**Problem requirements:** In the records that follow, find the line with "Set by Blue"; from there, retype every line exactly through the line with "Camo Duck Embroidered Set", which also belongs to the answer.

**Record set:**

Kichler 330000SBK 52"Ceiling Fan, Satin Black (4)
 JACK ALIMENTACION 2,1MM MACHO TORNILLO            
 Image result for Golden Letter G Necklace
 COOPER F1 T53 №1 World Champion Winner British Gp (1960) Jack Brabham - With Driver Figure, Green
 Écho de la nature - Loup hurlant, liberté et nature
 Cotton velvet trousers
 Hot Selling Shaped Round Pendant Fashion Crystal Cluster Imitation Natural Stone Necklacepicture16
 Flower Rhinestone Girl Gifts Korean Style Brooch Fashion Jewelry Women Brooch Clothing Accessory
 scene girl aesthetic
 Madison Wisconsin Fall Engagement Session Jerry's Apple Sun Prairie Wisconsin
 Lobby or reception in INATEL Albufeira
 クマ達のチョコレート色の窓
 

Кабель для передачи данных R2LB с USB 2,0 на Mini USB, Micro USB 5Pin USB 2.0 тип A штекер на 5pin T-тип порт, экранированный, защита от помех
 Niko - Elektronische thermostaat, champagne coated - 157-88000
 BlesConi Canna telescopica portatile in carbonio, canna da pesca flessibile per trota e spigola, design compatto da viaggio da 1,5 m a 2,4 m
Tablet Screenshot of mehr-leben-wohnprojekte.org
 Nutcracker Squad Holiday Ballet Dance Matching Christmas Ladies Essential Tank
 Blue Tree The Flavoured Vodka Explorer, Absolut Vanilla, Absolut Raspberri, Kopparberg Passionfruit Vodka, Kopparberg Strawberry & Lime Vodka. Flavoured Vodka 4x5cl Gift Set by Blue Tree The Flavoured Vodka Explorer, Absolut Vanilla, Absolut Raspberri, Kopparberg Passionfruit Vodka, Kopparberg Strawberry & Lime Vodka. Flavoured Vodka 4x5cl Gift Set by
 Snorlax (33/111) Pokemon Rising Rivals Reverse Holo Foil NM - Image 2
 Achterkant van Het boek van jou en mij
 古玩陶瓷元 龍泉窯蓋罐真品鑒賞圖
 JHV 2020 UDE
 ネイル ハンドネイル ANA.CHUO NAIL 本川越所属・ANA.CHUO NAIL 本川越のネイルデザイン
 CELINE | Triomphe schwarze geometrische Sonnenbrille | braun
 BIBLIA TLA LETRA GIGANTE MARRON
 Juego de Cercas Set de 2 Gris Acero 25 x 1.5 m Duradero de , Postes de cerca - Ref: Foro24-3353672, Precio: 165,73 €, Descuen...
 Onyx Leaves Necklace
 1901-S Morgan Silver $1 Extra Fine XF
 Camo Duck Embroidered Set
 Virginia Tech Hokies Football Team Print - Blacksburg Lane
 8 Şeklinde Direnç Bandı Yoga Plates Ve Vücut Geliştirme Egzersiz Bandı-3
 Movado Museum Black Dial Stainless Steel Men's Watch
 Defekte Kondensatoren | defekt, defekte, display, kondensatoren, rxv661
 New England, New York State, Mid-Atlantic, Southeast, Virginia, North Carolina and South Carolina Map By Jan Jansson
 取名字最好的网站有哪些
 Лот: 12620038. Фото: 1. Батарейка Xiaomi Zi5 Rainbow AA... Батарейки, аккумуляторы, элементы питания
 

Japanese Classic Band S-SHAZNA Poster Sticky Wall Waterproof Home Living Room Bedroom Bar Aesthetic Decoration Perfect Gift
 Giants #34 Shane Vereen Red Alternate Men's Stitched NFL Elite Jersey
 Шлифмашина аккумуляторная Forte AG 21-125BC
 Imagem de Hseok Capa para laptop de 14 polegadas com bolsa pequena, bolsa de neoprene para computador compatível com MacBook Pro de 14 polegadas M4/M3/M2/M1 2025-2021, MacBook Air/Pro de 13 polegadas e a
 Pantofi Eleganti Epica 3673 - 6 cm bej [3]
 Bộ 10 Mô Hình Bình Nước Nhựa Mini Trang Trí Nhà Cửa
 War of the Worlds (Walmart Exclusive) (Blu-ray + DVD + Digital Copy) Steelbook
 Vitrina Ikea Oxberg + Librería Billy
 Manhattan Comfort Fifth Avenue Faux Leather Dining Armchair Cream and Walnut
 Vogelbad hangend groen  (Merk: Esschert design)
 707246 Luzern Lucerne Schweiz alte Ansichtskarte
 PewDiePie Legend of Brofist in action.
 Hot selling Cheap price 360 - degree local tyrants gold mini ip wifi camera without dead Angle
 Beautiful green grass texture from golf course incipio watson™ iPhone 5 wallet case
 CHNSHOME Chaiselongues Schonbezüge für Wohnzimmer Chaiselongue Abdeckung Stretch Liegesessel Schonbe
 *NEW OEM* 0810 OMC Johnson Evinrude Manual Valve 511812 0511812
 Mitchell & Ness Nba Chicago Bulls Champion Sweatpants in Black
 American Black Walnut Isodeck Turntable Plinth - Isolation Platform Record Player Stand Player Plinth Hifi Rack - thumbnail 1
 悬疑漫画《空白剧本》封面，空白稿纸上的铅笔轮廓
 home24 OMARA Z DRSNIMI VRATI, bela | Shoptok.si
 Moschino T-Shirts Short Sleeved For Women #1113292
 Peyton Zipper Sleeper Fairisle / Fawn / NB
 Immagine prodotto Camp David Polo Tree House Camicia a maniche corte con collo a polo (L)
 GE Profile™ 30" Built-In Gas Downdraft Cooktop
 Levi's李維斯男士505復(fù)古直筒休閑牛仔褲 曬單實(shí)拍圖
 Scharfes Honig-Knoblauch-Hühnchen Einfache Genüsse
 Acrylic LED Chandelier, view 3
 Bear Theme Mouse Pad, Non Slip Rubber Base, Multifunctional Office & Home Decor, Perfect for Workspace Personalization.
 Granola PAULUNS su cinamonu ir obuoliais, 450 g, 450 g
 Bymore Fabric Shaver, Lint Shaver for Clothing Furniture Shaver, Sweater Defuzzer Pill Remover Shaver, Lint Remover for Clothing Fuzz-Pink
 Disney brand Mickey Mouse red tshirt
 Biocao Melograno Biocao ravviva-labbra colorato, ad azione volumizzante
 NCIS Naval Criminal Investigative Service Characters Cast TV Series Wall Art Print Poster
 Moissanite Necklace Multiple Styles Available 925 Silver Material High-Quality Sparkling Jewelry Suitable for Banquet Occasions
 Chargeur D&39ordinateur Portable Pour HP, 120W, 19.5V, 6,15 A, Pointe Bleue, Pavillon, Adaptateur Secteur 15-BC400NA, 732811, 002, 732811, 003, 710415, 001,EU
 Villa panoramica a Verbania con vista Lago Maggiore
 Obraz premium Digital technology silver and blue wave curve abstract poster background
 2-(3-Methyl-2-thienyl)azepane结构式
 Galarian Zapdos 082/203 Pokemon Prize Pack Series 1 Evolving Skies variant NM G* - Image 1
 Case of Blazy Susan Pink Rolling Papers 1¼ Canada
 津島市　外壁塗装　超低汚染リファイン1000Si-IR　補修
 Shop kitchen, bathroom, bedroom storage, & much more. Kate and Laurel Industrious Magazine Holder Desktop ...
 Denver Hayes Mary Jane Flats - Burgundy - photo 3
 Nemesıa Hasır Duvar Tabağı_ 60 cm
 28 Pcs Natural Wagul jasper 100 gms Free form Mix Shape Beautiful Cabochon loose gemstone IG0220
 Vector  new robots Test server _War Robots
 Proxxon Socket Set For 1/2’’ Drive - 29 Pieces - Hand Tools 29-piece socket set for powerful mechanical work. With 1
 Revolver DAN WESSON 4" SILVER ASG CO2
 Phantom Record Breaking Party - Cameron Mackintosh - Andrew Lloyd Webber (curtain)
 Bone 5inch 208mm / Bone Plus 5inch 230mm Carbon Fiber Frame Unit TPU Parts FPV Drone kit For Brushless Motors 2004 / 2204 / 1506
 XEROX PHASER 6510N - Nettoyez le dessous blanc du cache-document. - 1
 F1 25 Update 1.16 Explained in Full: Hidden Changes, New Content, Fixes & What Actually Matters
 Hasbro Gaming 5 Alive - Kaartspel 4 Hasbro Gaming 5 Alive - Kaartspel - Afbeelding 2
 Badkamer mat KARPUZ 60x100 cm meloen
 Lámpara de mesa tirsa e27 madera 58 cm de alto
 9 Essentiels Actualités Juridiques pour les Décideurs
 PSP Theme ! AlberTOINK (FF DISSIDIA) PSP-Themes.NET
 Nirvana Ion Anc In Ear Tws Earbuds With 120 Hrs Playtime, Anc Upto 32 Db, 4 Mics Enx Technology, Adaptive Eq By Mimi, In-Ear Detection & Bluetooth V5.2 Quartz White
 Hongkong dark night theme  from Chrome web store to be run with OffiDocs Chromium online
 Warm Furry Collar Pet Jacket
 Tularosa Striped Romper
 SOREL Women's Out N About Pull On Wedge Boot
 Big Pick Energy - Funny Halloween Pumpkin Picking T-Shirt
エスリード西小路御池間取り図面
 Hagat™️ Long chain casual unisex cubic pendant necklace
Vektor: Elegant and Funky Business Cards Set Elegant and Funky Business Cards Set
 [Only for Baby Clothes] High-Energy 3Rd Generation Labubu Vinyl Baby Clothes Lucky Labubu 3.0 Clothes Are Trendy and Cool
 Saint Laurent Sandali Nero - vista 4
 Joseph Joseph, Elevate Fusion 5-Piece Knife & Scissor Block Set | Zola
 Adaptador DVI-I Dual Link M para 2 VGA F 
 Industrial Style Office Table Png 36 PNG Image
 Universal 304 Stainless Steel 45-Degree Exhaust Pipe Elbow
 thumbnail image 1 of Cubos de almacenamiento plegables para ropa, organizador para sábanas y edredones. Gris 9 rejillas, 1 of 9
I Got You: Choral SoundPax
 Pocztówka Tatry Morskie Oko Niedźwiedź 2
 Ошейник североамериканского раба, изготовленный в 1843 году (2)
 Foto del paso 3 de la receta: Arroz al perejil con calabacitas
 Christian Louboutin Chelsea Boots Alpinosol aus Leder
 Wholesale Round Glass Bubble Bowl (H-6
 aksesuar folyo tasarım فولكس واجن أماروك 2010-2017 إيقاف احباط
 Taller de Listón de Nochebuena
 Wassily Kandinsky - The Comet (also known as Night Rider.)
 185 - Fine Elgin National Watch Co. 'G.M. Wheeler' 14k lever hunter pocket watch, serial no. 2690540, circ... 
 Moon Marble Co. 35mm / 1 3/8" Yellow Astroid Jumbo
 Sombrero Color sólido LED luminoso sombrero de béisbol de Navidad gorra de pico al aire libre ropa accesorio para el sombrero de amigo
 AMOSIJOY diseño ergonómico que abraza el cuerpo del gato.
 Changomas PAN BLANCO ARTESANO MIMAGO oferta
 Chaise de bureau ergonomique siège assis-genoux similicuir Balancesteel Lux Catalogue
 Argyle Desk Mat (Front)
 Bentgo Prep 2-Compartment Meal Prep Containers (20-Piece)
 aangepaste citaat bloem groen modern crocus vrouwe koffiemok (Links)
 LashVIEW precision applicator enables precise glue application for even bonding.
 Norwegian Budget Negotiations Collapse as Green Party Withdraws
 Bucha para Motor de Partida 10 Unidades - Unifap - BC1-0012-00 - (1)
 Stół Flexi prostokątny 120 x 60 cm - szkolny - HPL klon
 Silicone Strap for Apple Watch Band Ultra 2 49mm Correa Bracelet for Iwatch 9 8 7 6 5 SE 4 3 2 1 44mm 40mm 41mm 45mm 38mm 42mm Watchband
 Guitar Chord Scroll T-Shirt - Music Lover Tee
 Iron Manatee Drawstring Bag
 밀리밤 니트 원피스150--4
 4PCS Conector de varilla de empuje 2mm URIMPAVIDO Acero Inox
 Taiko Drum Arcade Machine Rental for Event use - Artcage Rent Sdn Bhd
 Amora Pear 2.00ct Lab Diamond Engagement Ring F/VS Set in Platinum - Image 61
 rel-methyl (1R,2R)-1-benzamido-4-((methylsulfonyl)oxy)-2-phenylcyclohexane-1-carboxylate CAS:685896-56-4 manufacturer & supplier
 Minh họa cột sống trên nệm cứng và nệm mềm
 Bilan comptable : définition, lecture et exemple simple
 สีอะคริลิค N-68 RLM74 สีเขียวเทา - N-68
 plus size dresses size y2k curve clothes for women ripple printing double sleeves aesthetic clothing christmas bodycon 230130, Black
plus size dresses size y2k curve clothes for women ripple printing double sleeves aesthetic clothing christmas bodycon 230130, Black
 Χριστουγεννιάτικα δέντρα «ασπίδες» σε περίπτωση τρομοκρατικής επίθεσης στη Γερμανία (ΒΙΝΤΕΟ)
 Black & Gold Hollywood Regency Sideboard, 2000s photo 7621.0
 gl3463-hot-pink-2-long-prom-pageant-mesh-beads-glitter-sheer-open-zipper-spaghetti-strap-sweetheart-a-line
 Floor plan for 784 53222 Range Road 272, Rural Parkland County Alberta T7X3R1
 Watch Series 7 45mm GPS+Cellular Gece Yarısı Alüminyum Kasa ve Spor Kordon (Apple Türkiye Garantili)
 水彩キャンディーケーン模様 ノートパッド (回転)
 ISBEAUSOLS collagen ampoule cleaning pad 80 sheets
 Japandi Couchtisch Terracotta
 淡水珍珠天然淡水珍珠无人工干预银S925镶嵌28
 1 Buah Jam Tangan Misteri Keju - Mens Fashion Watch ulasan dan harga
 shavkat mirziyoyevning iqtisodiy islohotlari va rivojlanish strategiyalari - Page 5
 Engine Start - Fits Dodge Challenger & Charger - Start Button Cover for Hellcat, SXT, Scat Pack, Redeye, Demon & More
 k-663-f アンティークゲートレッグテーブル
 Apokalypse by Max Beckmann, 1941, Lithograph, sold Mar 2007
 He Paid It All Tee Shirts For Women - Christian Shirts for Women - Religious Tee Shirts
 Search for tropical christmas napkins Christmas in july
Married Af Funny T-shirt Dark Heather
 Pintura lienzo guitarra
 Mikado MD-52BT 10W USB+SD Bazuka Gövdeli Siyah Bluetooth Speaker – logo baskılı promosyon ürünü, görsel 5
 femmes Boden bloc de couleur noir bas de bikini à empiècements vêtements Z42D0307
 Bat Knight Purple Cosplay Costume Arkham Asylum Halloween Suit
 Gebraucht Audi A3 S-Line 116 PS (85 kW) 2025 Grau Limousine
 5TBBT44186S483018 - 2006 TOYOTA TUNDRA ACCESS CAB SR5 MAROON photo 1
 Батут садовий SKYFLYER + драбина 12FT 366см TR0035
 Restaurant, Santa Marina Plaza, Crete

**Answer to the exercise:**
 Blue Tree The Flavoured Vodka Explorer, Absolut Vanilla, Absolut Raspberri, Kopparberg Passionfruit Vodka, Kopparberg Strawberry & Lime Vodka. Flavoured Vodka 4x5cl Gift Set by Blue Tree The Flavoured Vodka Explorer, Absolut Vanilla, Absolut Raspberri, Kopparberg Passionfruit Vodka, Kopparberg Strawberry & Lime Vodka. Flavoured Vodka 4x5cl Gift Set by
 Snorlax (33/111) Pokemon Rising Rivals Reverse Holo Foil NM - Image 2
 Achterkant van Het boek van jou en mij
 古玩陶瓷元 龍泉窯蓋罐真品鑒賞圖
 JHV 2020 UDE
 ネイル ハンドネイル ANA.CHUO NAIL 本川越所属・ANA.CHUO NAIL 本川越のネイルデザイン
 CELINE | Triomphe schwarze geometrische Sonnenbrille | braun
 BIBLIA TLA LETRA GIGANTE MARRON
 Juego de Cercas Set de 2 Gris Acero 25 x 1.5 m Duradero de , Postes de cerca - Ref: Foro24-3353672, Precio: 165,73 €, Descuen...
 Onyx Leaves Necklace
 1901-S Morgan Silver $1 Extra Fine XF
 Camo Duck Embroidered Set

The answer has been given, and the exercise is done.